Uma volta pelo sótão de Thom Yorke
Quem quiser ouvir o novo álbum de Thom Yorke pode ir buscá-lo ao BitTorrent. E não. Ninguém aqui está a incentivar a pirataria. Pelo contrário: essa é a forma legítima com que Tomorrow’s Modern Boxes pode, mediante uma pequena quantia, ser obtido. Sem spyware, editoras a meter o nariz pelo meio ou publicidades incomodativas. Desconfiado? Confuso? Então basta lembrar que a ideia surgiu da mesma mente que, há sete anos, nos quis vender um álbum pelo preço que lhe quiséssemos dar. Sim, falamos de In Rainbows (2007).

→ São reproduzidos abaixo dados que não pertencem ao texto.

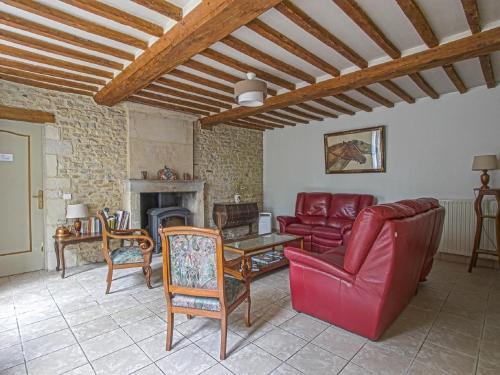 Tracy-sur-Mer House | Inviting Holiday Home in Tracy sur Mer with Garden Oasis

Lançado em absoluto segredo – e tendo por missão testar um modelo de negócio alternativo para o mundo da música – Tomorrow’s Modern Boxes é como um daqueles objectos misteriosos e obscuros que às vezes encontramos no sótão de um familiar quando lá entramos por engano. Assim que os observamos, sentimos uma espécie de curiosidade hipnótica que nos faz dizer ‘uau, isto existe?’ até, eventualmente, nos voltarmos a aperceber do motivo que os levou àquele abandonado sítio em primeiro lugar.
Não. Calma. A música com que o cantor nos presenteia ao longo de 38 minutos não tresanda a pó nem contém teias de aranha. Também não passou de moda ou deixou de nos servir. Tão-pouco se pode dizer que não possua uma utilidade prática. O que nunca deixamos de sentir quando ouvimos o álbum, todavia, é que acabámos de entrar (e não necessariamente com autorização) num espaço íntimo e pessoal, repleto de memórias ou exercícios que o tempo deixou indeterminadamente arquivados numa gaveta ou armário. É que isto, que até agora nunca tinha visto a luz do dia, soa-nos ao Thom Yorke de sempre.
Temos aquele falsete inconfundível que influenciou uma geração de cantores. Temos os fantasmagóricos apontamentos de piano (geralmente em loop) que obscurecem o ambiente. Temos os sintetizadores atmosféricos que agonizam a paisagem. Temos as batidas electrónicas e os efeitos glitch, provavelmente nascidos depois de horas em frente a um Mac. Temos letras crípticas e palavras que nem sempre se distinguem bem, mas que geram uma já familiar aura de mistério. E temos o negrume claustrofóbico que sempre marca os seus trabalhos a solo.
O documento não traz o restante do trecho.